Skip to content

Data-Science-Platform/docker-zeppelin

 
 

Repository files navigation

Docker Zeppelin

Build Status Docker Pulls Image Size

Description

Docker image for starting Apache Zeppelin.

How to build the container

Note: Must run binary command with Java version 8 installed.

# Download dependencies
./build download --zeppelin_version=v0.8.2 --spark_version=2.4.3 --hadoop_version=2.7

# Build binaries
./build binary --zeppelin_version=v0.8.2 --spark_version=2.4.3 --hadoop_version=2.7

# Build docker container
./build docker --repo=${DOCKER_NAMESPACE:-datascienceplatform}/zeppelind --commit=$(git rev-parse --short HEAD)

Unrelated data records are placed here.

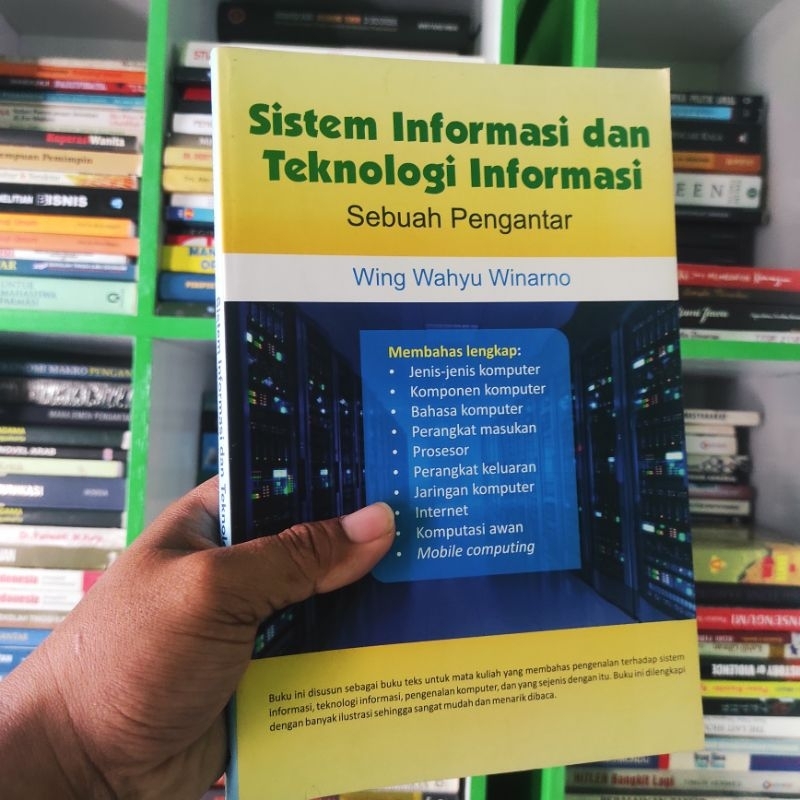 (ori) buku sistem informasi dan teknologi informasi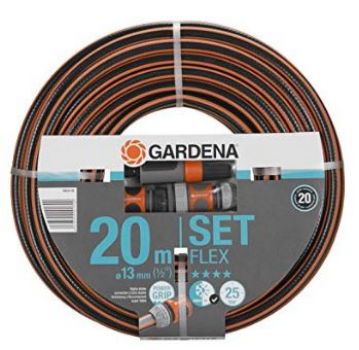 Gardena 18034
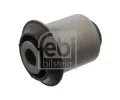 FEBI Uloen dicho mechanismu ‐ FB 30428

All: Download, build binary dependencies and build the container

./build all --zeppelin_version=v0.8.2 --spark_version=2.4.3 --hadoop_version=2.7

Usage

You can either start the image directly with Docker, or use the Nomad-Docker-Wrapper if you are running your containers on Nomad.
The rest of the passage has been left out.